[[ GIVEN DATA open ]]
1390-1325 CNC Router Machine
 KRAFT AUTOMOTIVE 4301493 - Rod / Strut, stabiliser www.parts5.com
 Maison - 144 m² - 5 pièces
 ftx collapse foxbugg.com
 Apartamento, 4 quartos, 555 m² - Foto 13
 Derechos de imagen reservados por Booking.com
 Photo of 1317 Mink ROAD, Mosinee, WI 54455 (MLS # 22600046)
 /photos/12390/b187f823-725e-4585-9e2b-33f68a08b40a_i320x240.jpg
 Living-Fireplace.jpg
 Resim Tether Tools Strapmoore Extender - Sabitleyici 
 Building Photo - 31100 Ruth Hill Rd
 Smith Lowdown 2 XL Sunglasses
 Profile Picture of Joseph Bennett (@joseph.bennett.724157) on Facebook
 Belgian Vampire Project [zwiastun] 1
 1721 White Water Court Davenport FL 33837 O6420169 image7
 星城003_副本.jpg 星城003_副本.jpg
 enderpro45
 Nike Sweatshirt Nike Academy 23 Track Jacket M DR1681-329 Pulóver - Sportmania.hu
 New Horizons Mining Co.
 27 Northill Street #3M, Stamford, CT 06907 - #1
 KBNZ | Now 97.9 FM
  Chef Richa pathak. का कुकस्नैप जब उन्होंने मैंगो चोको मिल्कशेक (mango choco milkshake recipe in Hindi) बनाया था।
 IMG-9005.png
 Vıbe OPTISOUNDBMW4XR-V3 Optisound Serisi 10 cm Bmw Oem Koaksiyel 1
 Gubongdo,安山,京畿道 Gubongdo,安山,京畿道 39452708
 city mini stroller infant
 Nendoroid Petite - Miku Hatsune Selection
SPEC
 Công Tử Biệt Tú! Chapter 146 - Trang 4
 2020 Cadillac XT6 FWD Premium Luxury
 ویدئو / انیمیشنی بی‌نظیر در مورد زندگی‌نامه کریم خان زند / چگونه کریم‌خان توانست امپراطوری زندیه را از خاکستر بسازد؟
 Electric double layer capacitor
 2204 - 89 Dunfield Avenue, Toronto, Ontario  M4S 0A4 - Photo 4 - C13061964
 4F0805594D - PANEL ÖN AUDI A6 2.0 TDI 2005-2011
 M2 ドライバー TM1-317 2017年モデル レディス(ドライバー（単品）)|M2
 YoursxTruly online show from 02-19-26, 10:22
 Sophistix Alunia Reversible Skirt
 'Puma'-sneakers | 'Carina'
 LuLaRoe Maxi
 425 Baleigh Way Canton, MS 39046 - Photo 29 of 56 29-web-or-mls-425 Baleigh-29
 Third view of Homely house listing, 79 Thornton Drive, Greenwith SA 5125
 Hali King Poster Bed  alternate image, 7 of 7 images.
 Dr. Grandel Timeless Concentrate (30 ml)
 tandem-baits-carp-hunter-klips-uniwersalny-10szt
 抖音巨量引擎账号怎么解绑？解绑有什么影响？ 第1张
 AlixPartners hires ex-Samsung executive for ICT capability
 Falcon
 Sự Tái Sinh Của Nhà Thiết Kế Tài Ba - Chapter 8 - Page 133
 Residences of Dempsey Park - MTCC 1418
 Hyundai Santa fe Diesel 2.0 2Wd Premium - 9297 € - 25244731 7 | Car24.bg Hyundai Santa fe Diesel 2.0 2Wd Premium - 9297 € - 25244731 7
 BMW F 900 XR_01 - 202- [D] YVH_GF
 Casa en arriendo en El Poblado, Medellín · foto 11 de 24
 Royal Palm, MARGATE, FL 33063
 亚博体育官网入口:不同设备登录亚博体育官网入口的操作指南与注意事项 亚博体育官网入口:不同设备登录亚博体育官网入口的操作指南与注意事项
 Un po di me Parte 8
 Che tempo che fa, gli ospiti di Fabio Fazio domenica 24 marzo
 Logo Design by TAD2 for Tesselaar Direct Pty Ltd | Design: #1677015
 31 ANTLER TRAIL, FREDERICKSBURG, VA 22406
[[ GIVEN DATA closed ]]
- **TASK DIRECTIONS**
Where a line contains "Nendoroid Petite - Miku Hatsune Selection", begin there and output each line through the end of the data above, exactly; give no other lines.

- **OUTPUT OF THE TASK**
 Nendoroid Petite - Miku Hatsune Selection
SPEC
 Công Tử Biệt Tú! Chapter 146 - Trang 4
 2020 Cadillac XT6 FWD Premium Luxury
 ویدئو / انیمیشنی بی‌نظیر در مورد زندگی‌نامه کریم خان زند / چگونه کریم‌خان توانست امپراطوری زندیه را از خاکستر بسازد؟
 Electric double layer capacitor
 2204 - 89 Dunfield Avenue, Toronto, Ontario  M4S 0A4 - Photo 4 - C13061964
 4F0805594D - PANEL ÖN AUDI A6 2.0 TDI 2005-2011
 M2 ドライバー TM1-317 2017年モデル レディス(ドライバー（単品）)|M2
 YoursxTruly online show from 02-19-26, 10:22
 Sophistix Alunia Reversible Skirt
 'Puma'-sneakers | 'Carina'
 LuLaRoe Maxi
 425 Baleigh Way Canton, MS 39046 - Photo 29 of 56 29-web-or-mls-425 Baleigh-29
 Third view of Homely house listing, 79 Thornton Drive, Greenwith SA 5125
 Hali King Poster Bed  alternate image, 7 of 7 images.
 Dr. Grandel Timeless Concentrate (30 ml)
 tandem-baits-carp-hunter-klips-uniwersalny-10szt
 抖音巨量引擎账号怎么解绑？解绑有什么影响？ 第1张
 AlixPartners hires ex-Samsung executive for ICT capability
 Falcon
 Sự Tái Sinh Của Nhà Thiết Kế Tài Ba - Chapter 8 - Page 133
 Residences of Dempsey Park - MTCC 1418
 Hyundai Santa fe Diesel 2.0 2Wd Premium - 9297 € - 25244731 7 | Car24.bg Hyundai Santa fe Diesel 2.0 2Wd Premium - 9297 € - 25244731 7
 BMW F 900 XR_01 - 202- [D] YVH_GF
 Casa en arriendo en El Poblado, Medellín · foto 11 de 24
 Royal Palm, MARGATE, FL 33063
 亚博体育官网入口:不同设备登录亚博体育官网入口的操作指南与注意事项 亚博体育官网入口:不同设备登录亚博体育官网入口的操作指南与注意事项
 Un po di me Parte 8
 Che tempo che fa, gli ospiti di Fabio Fazio domenica 24 marzo
 Logo Design by TAD2 for Tesselaar Direct Pty Ltd | Design: #1677015
 31 ANTLER TRAIL, FREDERICKSBURG, VA 22406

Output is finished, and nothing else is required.